Needless to say, all of the horses were banned from that day forward.
I felt horribly for Finn and BG because they had been so polite and would have never done any of the unmannerly antics of the younger two. VB was notorious and I should have known better than to send her over, with her unwitting foil, to ruin it all for everyone. I was very sad and embarrassed.
I took away the hose and water bucket and the Hallelujah Gates to Heaven were closed forever.
Finn and BG pouted by that gate, every other day, for months…
YESTERDAY, MY NEIGHBOR CALLED!
I guess the tall grass got to him and he offered to re-open the Hallelujah Gate!
I rapidly spilled out the words that VB was living in Montana and that I would only send over polite horses. I was so excited, I could barely contain myself!
RE-OPENING OF THE GATES!
Yesterday was the day… I gathered my Hallelujah hose and trough.
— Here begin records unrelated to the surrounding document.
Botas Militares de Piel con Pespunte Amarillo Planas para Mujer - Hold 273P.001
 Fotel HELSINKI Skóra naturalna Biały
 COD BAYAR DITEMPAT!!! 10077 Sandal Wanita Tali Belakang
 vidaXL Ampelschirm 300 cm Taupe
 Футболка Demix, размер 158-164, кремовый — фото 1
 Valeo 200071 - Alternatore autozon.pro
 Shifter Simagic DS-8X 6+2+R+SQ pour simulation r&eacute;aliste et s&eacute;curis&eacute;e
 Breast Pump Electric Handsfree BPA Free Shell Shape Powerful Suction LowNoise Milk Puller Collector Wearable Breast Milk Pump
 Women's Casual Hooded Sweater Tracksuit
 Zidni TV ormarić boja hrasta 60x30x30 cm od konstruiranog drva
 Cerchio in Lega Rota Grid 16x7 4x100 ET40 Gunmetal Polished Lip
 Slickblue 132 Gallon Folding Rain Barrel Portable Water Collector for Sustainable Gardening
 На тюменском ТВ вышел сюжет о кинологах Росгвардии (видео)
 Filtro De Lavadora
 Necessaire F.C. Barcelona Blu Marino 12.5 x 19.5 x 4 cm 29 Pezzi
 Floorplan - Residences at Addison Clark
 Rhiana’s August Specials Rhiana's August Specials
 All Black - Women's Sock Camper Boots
Finn and BG watched me in questioning amazement.
Finn: (prancing around me) “Are you doing what I think you are doing?”
Me: Uh huh.
Finn: (an explosion of exitement behind me) “Wahoo!!”
They both followed in behind me exactly as they had always done. They both stood carefully away from the gate as I fumbled with the now rusted chain. And when Wrigley arrived, I decided he could go too.
I opened the famed gate and they burst through.
THE REST OF THE HORSES
Gwen, my little Einstein, figured out that the Hallelujah Gates had been re-opened and immediately went into her routine.
Gwen: “If you let them graze out there, then I get to graze on the front lawn.”
Me: (for some reason, this made sense to me…) Ummm, I’ll think about it.
Gwen: “I’m going to pace here like a maniac until you open my gate because if you don’t, I’ll know that you love them more than me and I don’t know why you love them more because I’m prettier and love you the best.”
(She always uses the same guilt trip on me and it always works.)
So, I let her out to graze on the front lawn.
Of course, Mama Tess and Sam (tipped off by Gwen) were both standing at their nearest gates, too, asking to be let out. Well, I couldn’t let them out so I tossed them a flake to share.
As I passed Bodhi, he started his low loverumble suggesting that he knew the others were getting something he wasn’t… and Remi stared at me heartstruck, “How could you?!”
So, I threw them a special flake as well.
Then the ponies clamored at their gate and Norma brayed, “WHAT ABOUT US?!” Yup, they got an extra bit of lunch hay as well.
Everyone loves the Hallelujah Gate…
When it was time for the Hallelujah horses to come back home, I wondered if they would remember the routine. Would I have to round them up over the 10 acres or would they be standing there, ready to come back to their pasture?…
I brought my cottage cheese container of bribe pellets.
I shook it and called, “Babiiiiiiiies, Baaaaaaayyyy beeeees!”
And as I came up over the hill, there they all stood; having a drink and waiting for me in front of their beloved Hallelujah Gate.
There was no frantic call from the neighbor. There were no broken flower pots or horses swimming in their pond. All was peaceful and serene. My horses had behaved.
I let the trio back through the Gate and they calmly walked to the bribe pellets I had spread on the ground in their pasture.
I was proud of them like a Mom is proud of her kids when they go visiting and remember to use their manners.
Sigh. (relieved and smiling) My well-behaved horses will again be able to graze all Spring and Summer in my neighbor’s property. Hallelujah indeed!